__Exercise instructions__: The entries are to be reproduced word for word, with all images left out.

Caption-style text data:
|---|
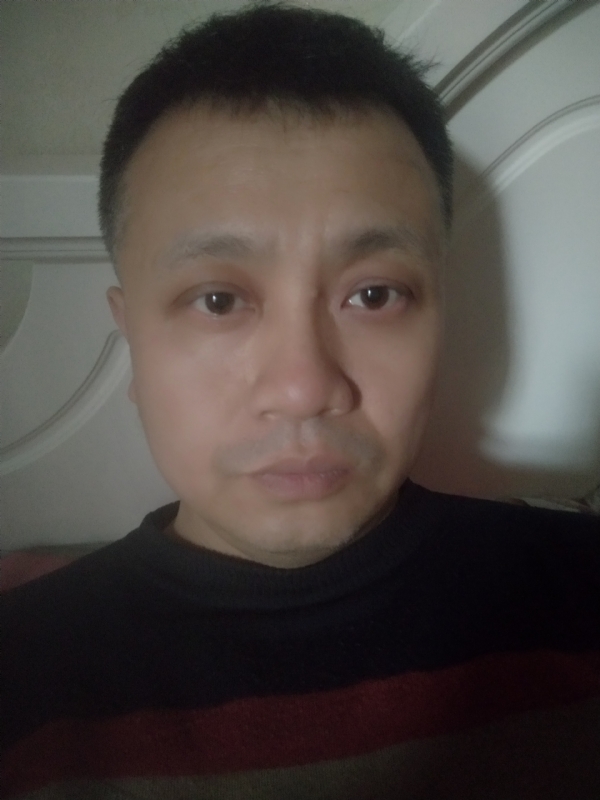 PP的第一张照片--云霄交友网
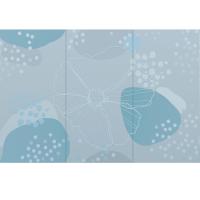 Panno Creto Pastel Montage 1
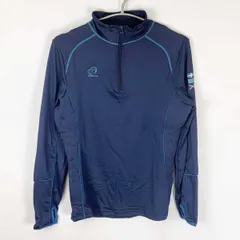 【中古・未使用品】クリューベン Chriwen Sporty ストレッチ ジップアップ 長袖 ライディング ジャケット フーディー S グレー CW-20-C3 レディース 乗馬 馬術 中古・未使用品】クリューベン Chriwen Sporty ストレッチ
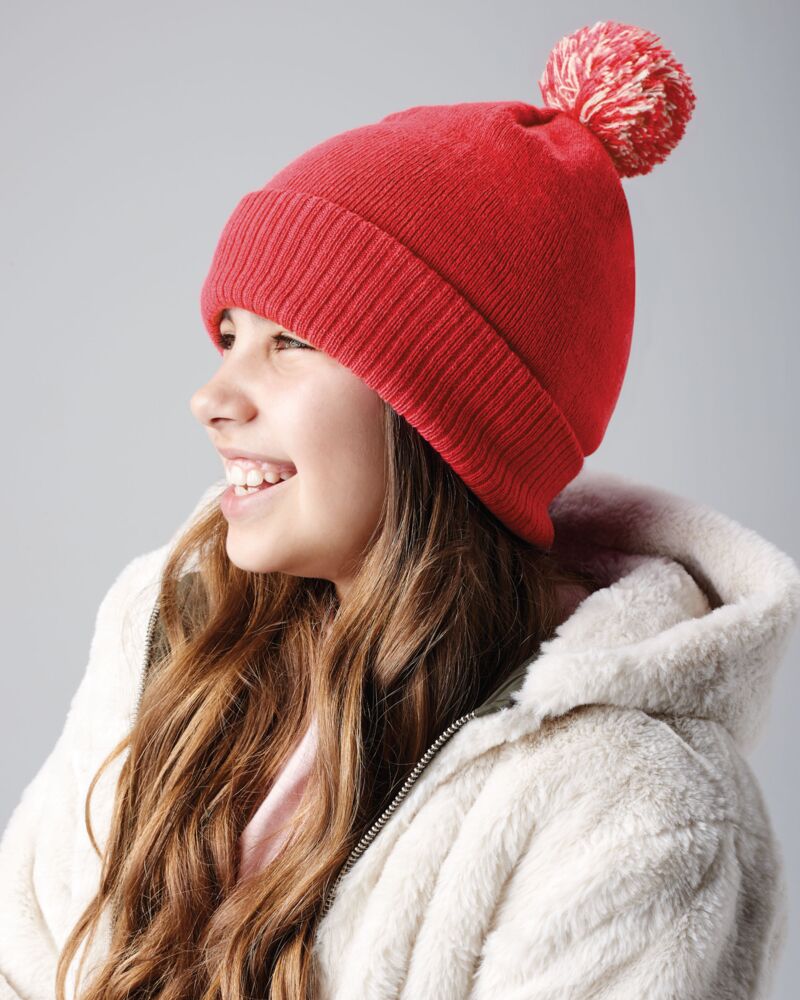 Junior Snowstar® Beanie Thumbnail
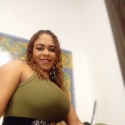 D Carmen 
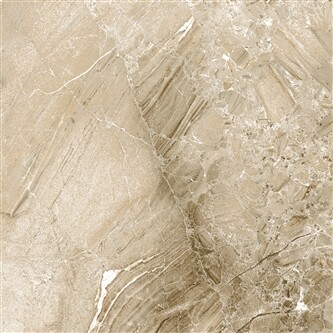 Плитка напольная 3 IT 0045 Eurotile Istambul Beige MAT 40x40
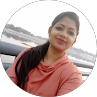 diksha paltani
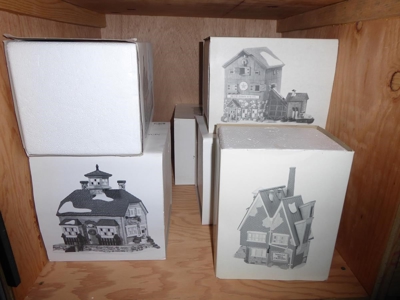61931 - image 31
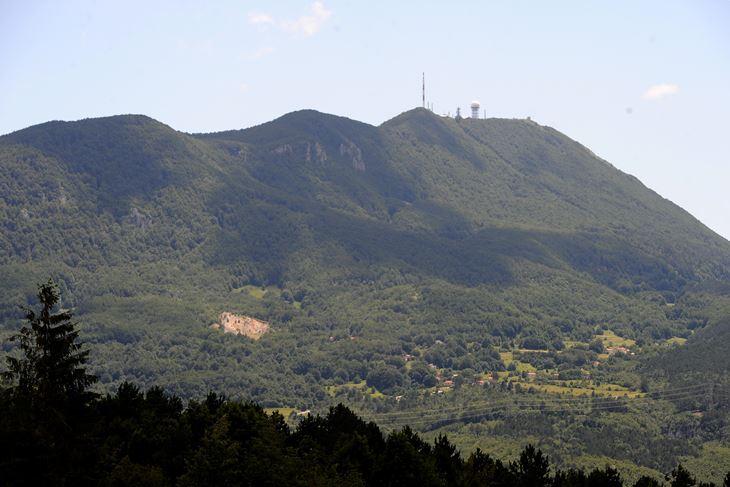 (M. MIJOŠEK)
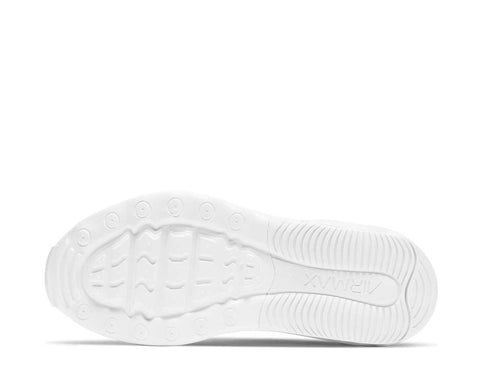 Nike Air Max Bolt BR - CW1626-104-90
|---|
__Written answer__:
 PP的第一张照片--云霄交友网
 Panno Creto Pastel Montage 1
 【中古・未使用品】クリューベン Chriwen Sporty ストレッチ ジップアップ 長袖 ライディング ジャケット フーディー S グレー CW-20-C3 レディース 乗馬 馬術 中古・未使用品】クリューベン Chriwen Sporty ストレッチ
 Junior Snowstar® Beanie Thumbnail
 D Carmen 
 Плитка напольная 3 IT 0045 Eurotile Istambul Beige MAT 40x40
 diksha paltani
61931 - image 31
 (M. MIJOŠEK)
 Nike Air Max Bolt BR - CW1626-104-90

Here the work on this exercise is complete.